She tiptoed down the hallway. Past her own room, which had just been redecorated and was, in her father’s words, “the prettiest room for the prettiest girl,” awash in shades of pale green with light pink trim.
Another sound. She wasn’t about to stop for dry clothes. Not when her father might be hurt or tied up. She’d be brave and save him. She’d need a weapon or something, though. Like a knife. Or a gun. Her father kept guns in his study. One of them used to belong to Teddy Roosevelt. Should she get it?
Parker’s mouth was sticky and dry, terror nailing her to the floor. Something bad was happening in that room. She knew it. She didn’t want to see it, though. But her father was in that room, and if she went downstairs for the gun, she might miss the chance to save him.
Don’t be so chicken, she told herself. She’d been a chicken yesterday on the high dive. This time, no. She’d be brave. And smart. She’d peek and then if there were bad guys, she’d run really fast and quietly and call the police and then she’d get TR’s gun, and she’d hold the bad guys off until the police came, and her father would be amazed at her courage, and it totally would make up for her not jumping off the high platform.
Her parents’ bedroom was at the end of the hall. There was that grunt again. Oh, God. Her heart thudding, nerves stretched so tight it seemed as if she was floating, Parker opened her parents’ bedroom door.
At first, she thought they were strangers. Naked strangers, wrestling, that was her first thought. But no, they were having sex. Gross! In her parents’ bedroom!
Then in a flash that also seemed to last a full minute, she realized that one of the people was her father, moving on top of someone. They were both making those moaning hurt noises.
“Oh, my God, Mr. Welles, don’t stop,” said the other person.
It was Lila.
“Daddy?” Parker asked, her voice small.
The word was electrifying. Both Harry and Lila jumped, scrambling for covers, but not before Parker had seen Lila’s boobies, and her father’s graying chest hair.

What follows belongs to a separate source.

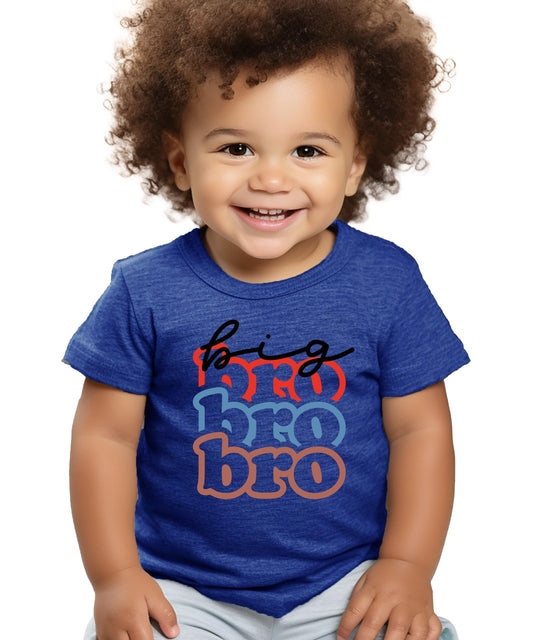 Big Brother Colorful Stacked Matching Sibling Outfit for Toddlers and Baby Boys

“Jesus, Parker, get out!” her father yelled.
“Oh, God, I think she peed herself,” Lila said, her face twisted with sympathy.
“I did not!” Parker shouted, her face broiling hot. “I did not, you…you…slut!”
“Parker, this is not what you think,” her father said sternly.
She was downstairs, feet flying so fast she wondered how she didn’t fall, almost wished she would fall, crack her head open on the marble floor, go to the hospital; that would punish them. Down another flight, through the wine cellar that had always creeped her out, into the garage where her father kept his fancy cars. She climbed into the Porsche and curled up on the floor of the passenger seat.
Hours later, Esteban, one of the gardeners, found her and lifted her out. Althea was back, white-faced with fury and screaming at Harry. She grabbed Parker and half dragged her upstairs, yanked out some suitcases and began hurling clothes inside.
“Althea, don’t be ridiculous,” Harry barked. “It’s not what she thought! She’s read too many books, that’s all. She misunderstood.” He didn’t even bother looking at her.
Maybe that was the worst part. She was ten going on thirty, after all. Her father was…what was that expression Lila the Slut used? Throwing her under the bus.
It’s not what she thought. “Bullshit,” she whispered.
“Parker, don’t swear,” her father said automatically. “It’s crass.”
“Bullshit!” she yelled. “It was what I thought. It was gross! You’re disgusting, Da—” No. He didn’t deserve to be called Daddy. “You make me sick, Harry.”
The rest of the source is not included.